YOLOv8 inference accelerated with TensorRT — detection, segmentation, pose, oriented boxes and classification, from Python and C++.

English | 简体中文


Python TensorRT C++ License

Take a trained ultralytics YOLOv8 model, export it to ONNX, build a TensorRT engine, and run it from Python or a small C++ binary — for any of the five tasks. The Python and C++ sides share the same engines and class files; the build adapts itself to whatever TensorRT and OpenCV you have.

Highlights

  • One shared C++ core (libyolov8_core): RAII-managed TensorRT/CUDA resources, exceptions instead of assert, and a single trt_compat layer that is the only place branching on the TensorRT version.
  • Version-agnostic build: auto-detects TensorRT (8 ↔ 10/11, including enterprise headers) and OpenCV (≥4.7 switches to class-aware NMS); see docs/Build.md. Verified on TensorRT 8.6 / 10.8 / 10.16 / 11.0 and OpenCV 4.5 / 4.6 / 4.11.
  • C++14 fallback: std::filesystem on C++17, otherwise a vendored ghc::filesystem (-DCMAKE_CXX_STANDARD=14).
  • One Python entry point: infer.py --task {det,seg,pose,obb,cls} --backend {torch,cudart,pycuda} replaces ten per-task scripts; the cudart/pycuda backends now run on TensorRT 10.
  • Unit tests (pytest + ctest), a --profile per-layer report, and benchmark.py.

Supported tasks

Taskinfer.py --taskC++ binaryExport (ONNX)
Detectiondetyolov8_detect (raw) · yolov8_detect_e2e (End2End)export-det.py or ultralytics
Segmentationsegyolov8_seg · yolov8_seg_simpleexport-seg.py or ultralytics
Poseposeyolov8_poseultralytics
Oriented boxesobbyolov8_obbultralytics
Classificationclsyolov8_clsultralytics

Engine layouts. export-det.py produces an End2End detection engine with NMS built in (outputs num_dets, bboxes, scores, labels); export-seg.py produces a segmentation engine (outputs outputs, proto); the native ultralytics export keeps the model's raw output (e.g. [1, 84, anchors]). Match the engine to its consumer: infer.py --task det and yolov8_detect_e2e need the End2End engine, infer.py --task seg needs the export-seg.py engine, while yolov8_detect and the pose/obb/cls paths take the raw ultralytics export.

Layout

csrc/
├── core/        # libyolov8_core: engine, trt_compat, RAII, pre/post-process, profiler
├── apps/        # one thin executable per task (detect / segment / pose / obb / cls ...)
├── deepstream/  # DeepStream bbox parser plugin (optional)
└── tests/       # C++ unit tests (ctest)
models/          # Python: engine builder, backends, compat, labels, per-task handlers
data/labels/     # class names shared by Python and C++ (coco / imagenet / dota)
infer.py  build.py  export-det.py  export-seg.py  benchmark.py

Setup

The repo is small; for the lightest checkout use a shallow clone: git clone --depth 1 <url> (latest code only, no history).

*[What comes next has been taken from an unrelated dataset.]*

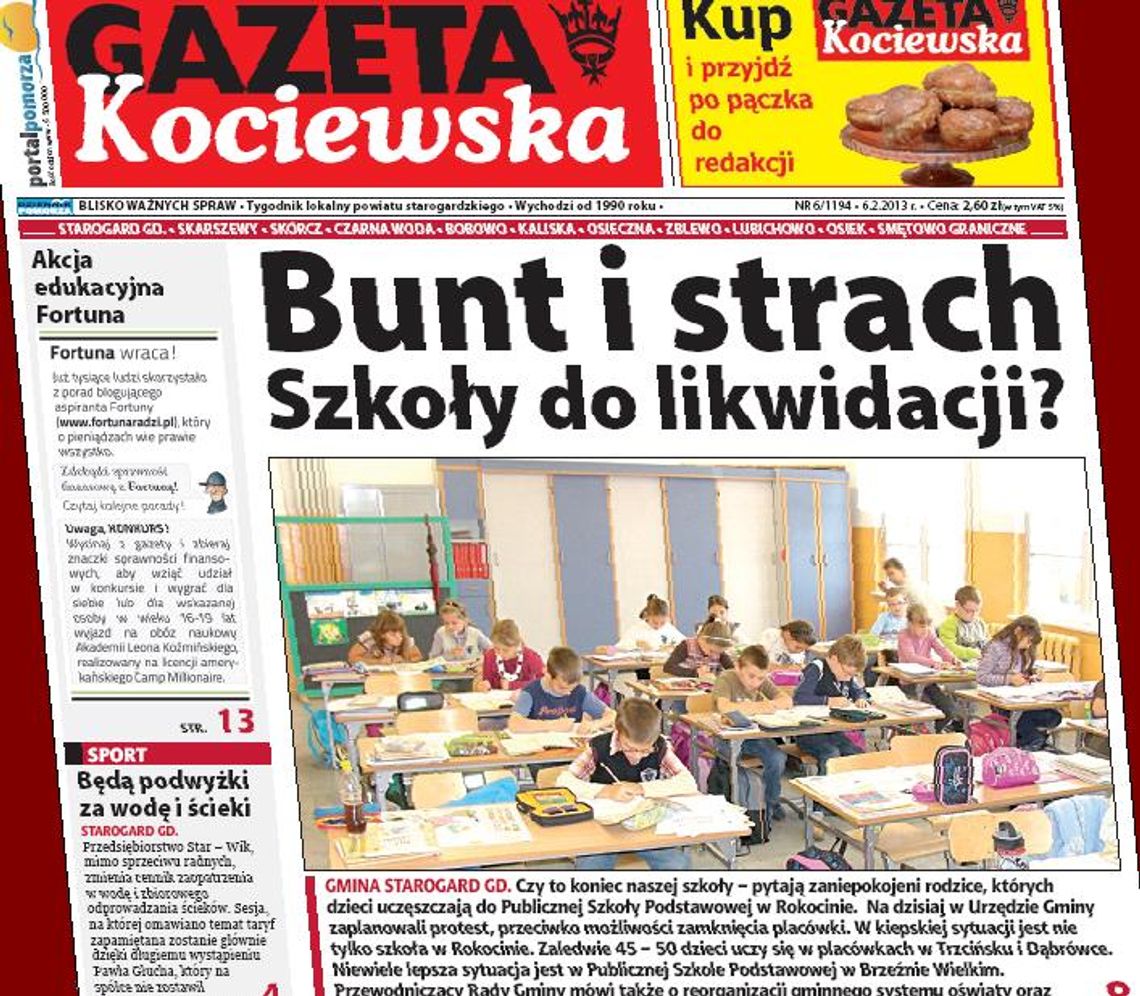 Szkoły do likwidacji? - w  "Gazecie Kociewskiej!"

CUDA (≥ 11.4) and TensorRT (≥ 8.4) must already be installed system-wide — nvidia-smi and trtexec --version should both work. Then install the Python deps:

pip install -r requirements.txt
pip install ultralytics            # ONNX export
pip install cuda-python            # optional: infer.py --backend cudart
pip install pycuda                 # optional: infer.py --backend pycuda

Workflow

.ptexport ONNXbuild engineinfer.

1. Export ONNX

(ultralytics downloads pretrained weights such as yolov8s.pt automatically on first use.)

End2End (NMS built in — detection / segmentation):

python export-det.py --weights yolov8s.pt --sim --input-shape 1 3 640 640 \
    --iou-thres 0.65 --conf-thres 0.25 --topk 100 --device cuda:0
python export-seg.py --weights yolov8s-seg.pt --sim --device cuda:0

Raw export (pose / obb / cls, and detection/segmentation without built-in NMS) uses ultralytics:

yolo export model=yolov8s-pose.pt format=onnx opset=11 simplify

2. Build the engine

python build.py --weights yolov8s.onnx --fp16 --device cuda:0
# or
/path/to/tensorrt/bin/trtexec --onnx=yolov8s.onnx --saveEngine=yolov8s.engine --fp16

3. Inference — Python

python infer.py --task det  --backend torch  --engine yolov8s.engine     --imgs data --out-dir output
python infer.py --task seg  --backend cudart --engine yolov8s-seg.engine  --imgs data --conf-thres 0.25 --iou-thres 0.65
python infer.py --task pose --backend pycuda --engine yolov8s-pose.engine --imgs data --show
flagmeaning
--taskdet / seg / pose / obb / cls
--backendtorch (PyTorch), cudart (cuda-python), pycuda
--engine --imgsengine file; image file or directory
--show / --out-dirdisplay in a window, or save to a directory
--conf-thres --iou-thresthresholds (seg / pose / obb)
--devicetorch device, e.g. cuda:0 (torch backend)
--batchimages per engine call (dynamic-batch engines)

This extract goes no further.